Stark County, Case No. 2019CA00037 6
{¶15} It is from the February 14, 2019, judgment of conviction and sentence
Appellant prosecutes this appeal, assigning as error:
I. APPELLANT’S CONVICTIONS WERE AGAINST THE
SUFFICIENCY AND/OR MANIFEST WEIGHT OF THE EVIDENCE.
II. THE TRIAL COURT ERRED BY OVERRULING APPELLANT’S
OBJECTION AND PERMITTING JIM LUPICA TO TESTIFY ABOUT
FIDUCIARY DUTY.
I.
{¶16} In his first assignment of error, Appellant argues the judgment is against the
sufficiency and manifest weight of the evidence because the State did not prove he
intended to defraud any of his clients.
{¶17} In determining whether a verdict is against the manifest weight of the
evidence, the appellate court acts as a thirteenth juror and “in reviewing the entire record,
weighs the evidence and all reasonable inferences, considers the credibility of witnesses,
and determines whether in resolving conflicts in evidence the jury ‘clearly lost its way and
created such a manifest miscarriage of justice that the conviction must be reversed and
a new trial ordered.’” State v. Thompkins, 78 Ohio St. 3d 380, 387, 1997-Ohio-52, 678
N.E.2d 541, quoting State v. Martin, 20 Ohio App. 3d 172, 175, 485 N.E.2d 717 (1983).

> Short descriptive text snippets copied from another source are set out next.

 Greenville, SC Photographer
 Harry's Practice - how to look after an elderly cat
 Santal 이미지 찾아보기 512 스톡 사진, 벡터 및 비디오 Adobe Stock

{¶18} An appellate court's function when reviewing the sufficiency of the evidence
is to determine whether, after viewing the evidence in a light most favorable to the
prosecution, any rational trier of fact could have found the essential elements of the crime
Stark County, Case No. 2019CA00037 7
proven beyond a reasonable doubt. State v. Jenks, 61 Ohio St. 3d 259, 574 N.E.2d 492,
paragraph two of the syllabus (1991).
{¶19} Appellant was convicted of theft and aggravated theft in violation of R.C.
2913.02(A)(1), (2), and (3), which provides:
(A) No person, with purpose to deprive the owner of property or
services, shall knowingly obtain or exert control over either the property or
services in any of the following ways:
(1) Without the consent of the owner or person authorized to give
consent;
(2) Beyond the scope of the express or implied consent of the owner
or person authorized to give consent;
(3) By deception.
{¶20} He was convicted of 51 counts of securities fraud in violation of the following
sections of R.C. 1707.44:
(B) No person shall knowingly make or cause to be made any false
representation concerning a material and relevant fact, in any oral
statement or in any prospectus, circular, description, application, or written
statement, for any of the following purposes:
(4) Selling any securities in this state.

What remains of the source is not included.